## [YOUR ASSIGNMENT]
Restate word for word the lines in the listing below, starting at the line containing "Netherlands Farm Landscape" and ending at the line containing "A TRAY OF DRINKING", both included; leave out the rest.

────────────────

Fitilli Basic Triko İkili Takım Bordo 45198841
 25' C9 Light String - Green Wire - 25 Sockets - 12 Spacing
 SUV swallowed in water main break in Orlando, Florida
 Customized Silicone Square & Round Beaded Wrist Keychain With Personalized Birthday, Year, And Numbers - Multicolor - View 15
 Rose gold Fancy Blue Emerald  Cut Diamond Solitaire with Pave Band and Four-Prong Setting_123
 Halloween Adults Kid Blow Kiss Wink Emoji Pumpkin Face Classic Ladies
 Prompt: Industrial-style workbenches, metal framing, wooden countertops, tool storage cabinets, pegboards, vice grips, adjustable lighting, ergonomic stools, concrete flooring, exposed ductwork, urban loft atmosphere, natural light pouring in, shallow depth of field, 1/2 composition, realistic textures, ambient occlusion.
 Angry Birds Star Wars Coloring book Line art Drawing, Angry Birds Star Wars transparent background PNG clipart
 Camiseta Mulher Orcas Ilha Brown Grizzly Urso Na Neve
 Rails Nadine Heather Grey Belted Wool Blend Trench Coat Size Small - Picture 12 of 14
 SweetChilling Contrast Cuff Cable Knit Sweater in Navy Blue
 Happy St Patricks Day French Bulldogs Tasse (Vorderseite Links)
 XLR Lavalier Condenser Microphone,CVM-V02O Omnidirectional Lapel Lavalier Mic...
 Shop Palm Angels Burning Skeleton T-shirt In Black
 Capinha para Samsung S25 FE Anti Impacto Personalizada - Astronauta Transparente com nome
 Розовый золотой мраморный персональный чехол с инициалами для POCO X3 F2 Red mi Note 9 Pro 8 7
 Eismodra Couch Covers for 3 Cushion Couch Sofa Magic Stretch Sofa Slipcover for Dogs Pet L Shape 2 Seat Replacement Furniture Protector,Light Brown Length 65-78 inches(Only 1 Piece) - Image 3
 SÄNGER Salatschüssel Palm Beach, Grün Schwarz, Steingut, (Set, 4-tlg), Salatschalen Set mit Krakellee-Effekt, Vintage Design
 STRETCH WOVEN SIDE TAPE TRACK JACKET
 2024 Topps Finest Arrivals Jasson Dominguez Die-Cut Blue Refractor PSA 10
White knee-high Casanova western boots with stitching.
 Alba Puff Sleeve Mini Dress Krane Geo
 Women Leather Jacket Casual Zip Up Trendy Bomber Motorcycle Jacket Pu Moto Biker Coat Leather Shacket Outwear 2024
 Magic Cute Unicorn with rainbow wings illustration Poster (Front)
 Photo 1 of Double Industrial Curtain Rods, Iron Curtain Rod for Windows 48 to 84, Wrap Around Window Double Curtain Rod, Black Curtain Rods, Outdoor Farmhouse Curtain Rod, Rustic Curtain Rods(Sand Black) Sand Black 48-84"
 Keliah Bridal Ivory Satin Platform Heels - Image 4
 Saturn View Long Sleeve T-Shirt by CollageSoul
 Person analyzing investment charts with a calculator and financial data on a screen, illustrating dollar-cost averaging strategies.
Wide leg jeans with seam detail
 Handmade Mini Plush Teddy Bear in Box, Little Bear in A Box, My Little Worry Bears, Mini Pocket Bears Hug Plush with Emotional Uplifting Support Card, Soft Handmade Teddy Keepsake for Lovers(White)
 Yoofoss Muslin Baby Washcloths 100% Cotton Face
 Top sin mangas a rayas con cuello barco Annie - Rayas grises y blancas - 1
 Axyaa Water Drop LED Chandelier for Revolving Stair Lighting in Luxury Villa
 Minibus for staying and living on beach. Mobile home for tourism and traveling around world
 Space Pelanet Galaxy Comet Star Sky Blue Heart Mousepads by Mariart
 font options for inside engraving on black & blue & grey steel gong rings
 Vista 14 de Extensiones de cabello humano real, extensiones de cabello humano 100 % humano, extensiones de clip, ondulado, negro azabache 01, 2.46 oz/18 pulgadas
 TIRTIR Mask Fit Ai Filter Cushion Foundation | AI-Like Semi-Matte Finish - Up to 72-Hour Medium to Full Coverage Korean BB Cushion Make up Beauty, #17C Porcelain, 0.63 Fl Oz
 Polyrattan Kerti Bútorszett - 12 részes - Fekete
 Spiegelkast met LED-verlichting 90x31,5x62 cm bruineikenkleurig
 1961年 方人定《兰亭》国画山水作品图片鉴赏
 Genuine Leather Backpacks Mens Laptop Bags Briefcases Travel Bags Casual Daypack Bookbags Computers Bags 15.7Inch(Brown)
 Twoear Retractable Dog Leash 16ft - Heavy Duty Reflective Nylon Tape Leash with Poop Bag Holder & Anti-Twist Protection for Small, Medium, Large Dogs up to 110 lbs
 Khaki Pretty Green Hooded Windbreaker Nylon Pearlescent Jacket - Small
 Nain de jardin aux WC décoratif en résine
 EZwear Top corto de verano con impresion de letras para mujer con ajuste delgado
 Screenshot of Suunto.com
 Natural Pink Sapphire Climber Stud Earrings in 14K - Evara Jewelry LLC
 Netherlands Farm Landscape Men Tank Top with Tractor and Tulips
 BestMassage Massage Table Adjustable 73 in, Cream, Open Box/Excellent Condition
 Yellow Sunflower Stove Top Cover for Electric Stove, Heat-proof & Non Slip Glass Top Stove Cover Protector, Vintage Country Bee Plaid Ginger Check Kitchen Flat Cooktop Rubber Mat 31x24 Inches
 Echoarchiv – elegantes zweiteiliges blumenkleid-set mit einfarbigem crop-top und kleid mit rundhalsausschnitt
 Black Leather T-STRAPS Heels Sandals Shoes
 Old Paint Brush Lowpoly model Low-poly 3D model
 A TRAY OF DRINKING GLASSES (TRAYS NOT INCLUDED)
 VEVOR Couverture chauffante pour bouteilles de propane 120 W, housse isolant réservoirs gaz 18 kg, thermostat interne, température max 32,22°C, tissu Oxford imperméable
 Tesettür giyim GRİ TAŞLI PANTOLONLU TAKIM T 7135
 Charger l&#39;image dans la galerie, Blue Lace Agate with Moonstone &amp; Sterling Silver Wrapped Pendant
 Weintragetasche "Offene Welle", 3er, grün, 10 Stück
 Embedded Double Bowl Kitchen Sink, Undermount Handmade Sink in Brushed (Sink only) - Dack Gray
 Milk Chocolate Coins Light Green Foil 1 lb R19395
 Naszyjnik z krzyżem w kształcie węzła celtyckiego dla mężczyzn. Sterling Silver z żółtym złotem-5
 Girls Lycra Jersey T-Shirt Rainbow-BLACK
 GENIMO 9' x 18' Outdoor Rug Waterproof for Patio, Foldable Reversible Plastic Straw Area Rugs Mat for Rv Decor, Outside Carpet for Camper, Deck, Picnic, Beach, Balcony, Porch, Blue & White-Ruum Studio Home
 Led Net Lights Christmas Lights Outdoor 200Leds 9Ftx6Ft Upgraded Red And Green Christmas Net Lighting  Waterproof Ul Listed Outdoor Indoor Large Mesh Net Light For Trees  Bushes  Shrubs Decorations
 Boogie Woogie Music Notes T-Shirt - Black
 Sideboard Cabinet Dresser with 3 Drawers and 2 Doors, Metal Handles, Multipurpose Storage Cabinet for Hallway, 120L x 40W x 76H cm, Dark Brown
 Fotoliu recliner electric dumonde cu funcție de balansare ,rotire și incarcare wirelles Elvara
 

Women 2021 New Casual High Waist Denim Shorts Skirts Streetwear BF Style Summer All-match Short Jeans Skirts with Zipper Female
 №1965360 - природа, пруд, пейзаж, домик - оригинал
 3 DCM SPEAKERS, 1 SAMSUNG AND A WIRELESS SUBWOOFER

────────────────

## [SOLVED PROBLEM]
 Netherlands Farm Landscape Men Tank Top with Tractor and Tulips
 BestMassage Massage Table Adjustable 73 in, Cream, Open Box/Excellent Condition
 Yellow Sunflower Stove Top Cover for Electric Stove, Heat-proof & Non Slip Glass Top Stove Cover Protector, Vintage Country Bee Plaid Ginger Check Kitchen Flat Cooktop Rubber Mat 31x24 Inches
 Echoarchiv – elegantes zweiteiliges blumenkleid-set mit einfarbigem crop-top und kleid mit rundhalsausschnitt
 Black Leather T-STRAPS Heels Sandals Shoes
 Old Paint Brush Lowpoly model Low-poly 3D model
 A TRAY OF DRINKING GLASSES (TRAYS NOT INCLUDED)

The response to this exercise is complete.